→ **Exercise instructions**
In the material below, find the line with "Напомню, что Белоруссия" and the line with "Серьги-гвоздики Перламутр диск". Output exactly those two lines and all lines between them, leaving out pictures.

→ **Data shown**
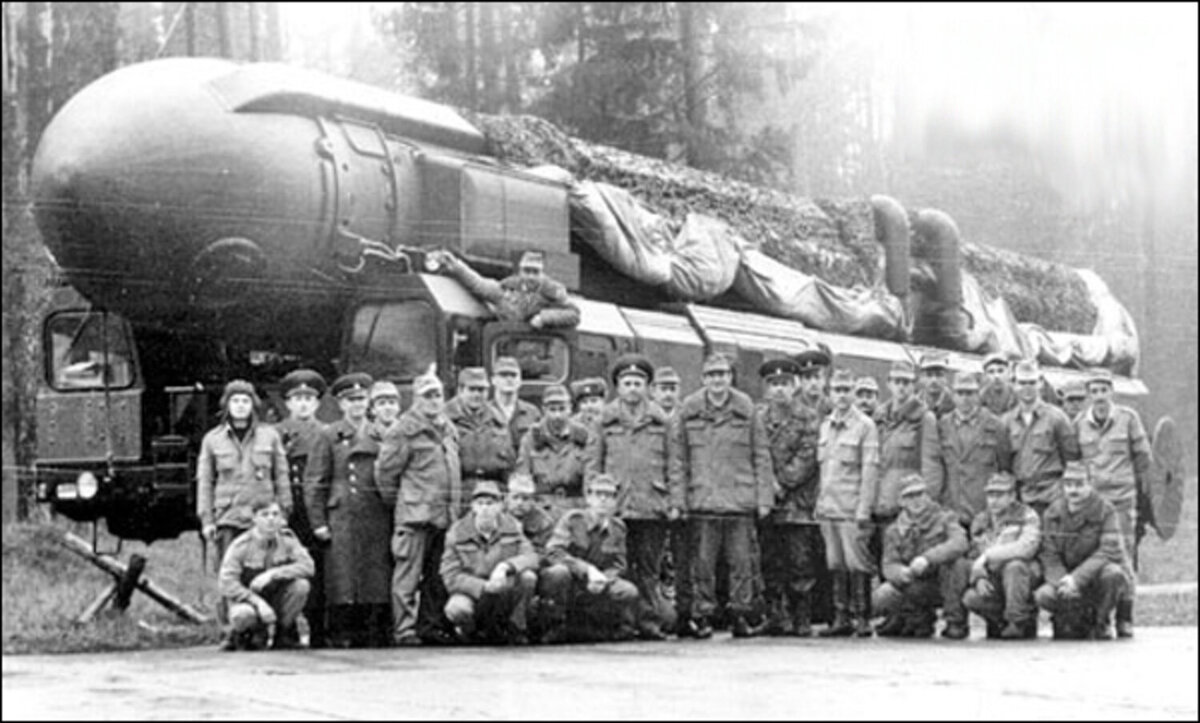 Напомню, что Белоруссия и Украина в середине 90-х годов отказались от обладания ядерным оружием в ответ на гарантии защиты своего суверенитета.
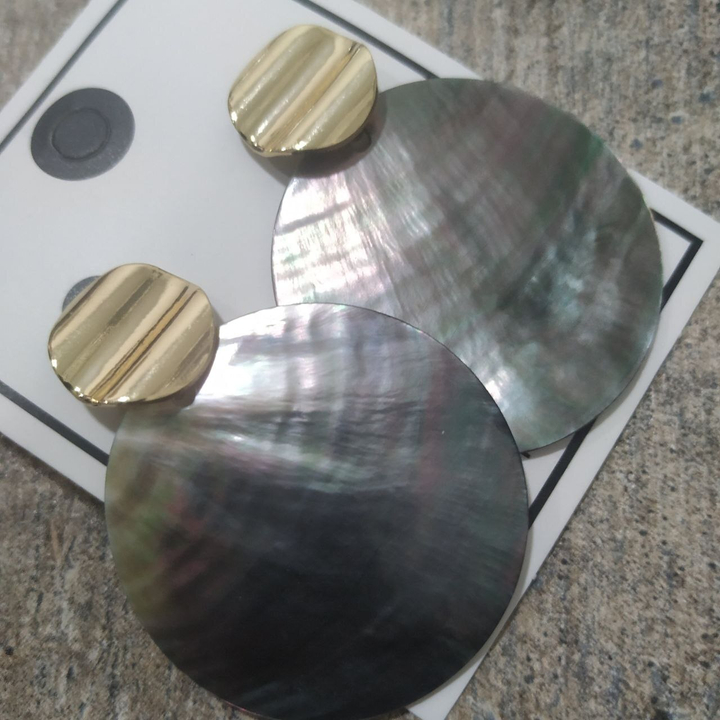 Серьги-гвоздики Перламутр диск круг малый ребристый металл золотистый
==
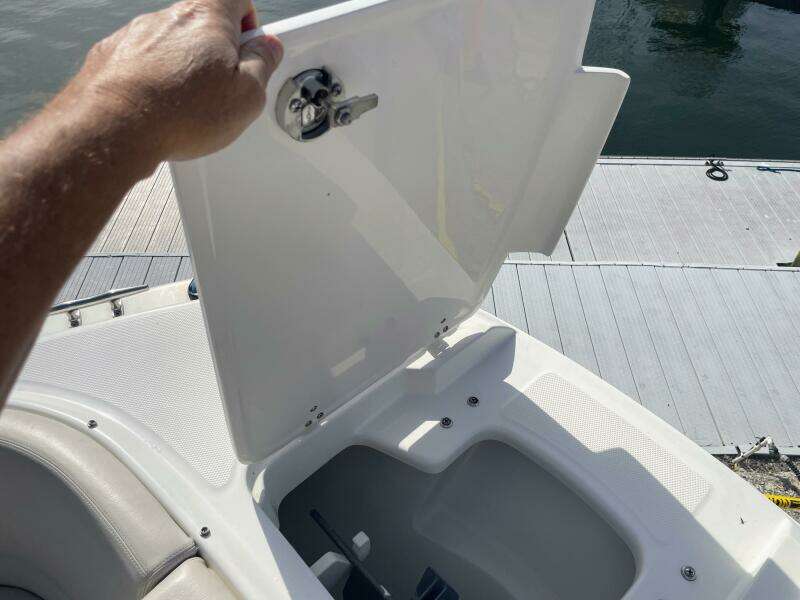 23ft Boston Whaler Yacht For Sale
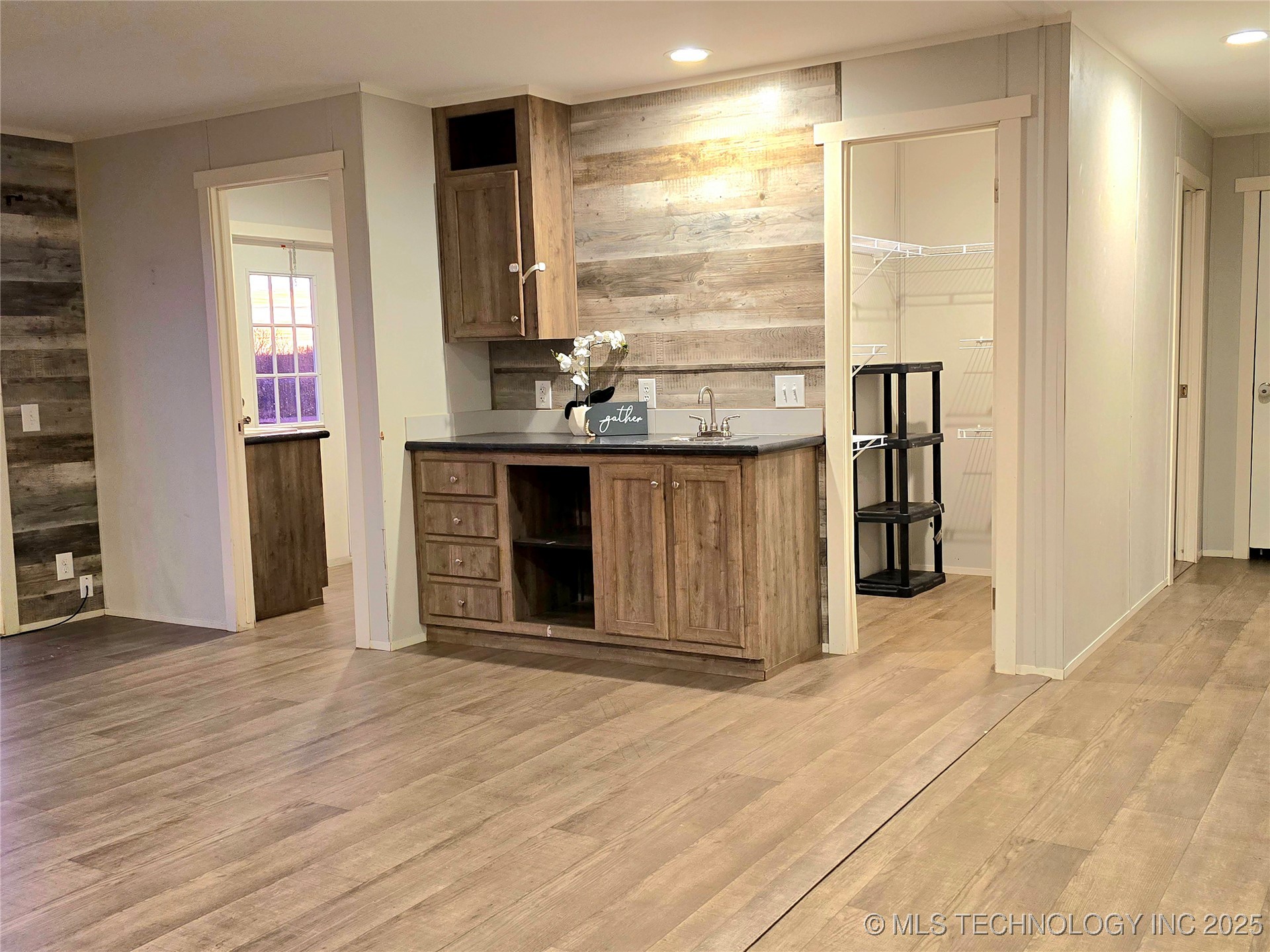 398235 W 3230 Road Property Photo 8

→ **Output of the task**
 Напомню, что Белоруссия и Украина в середине 90-х годов отказались от обладания ядерным оружием в ответ на гарантии защиты своего суверенитета.
 Серьги-гвоздики Перламутр диск круг малый ребристый металл золотистый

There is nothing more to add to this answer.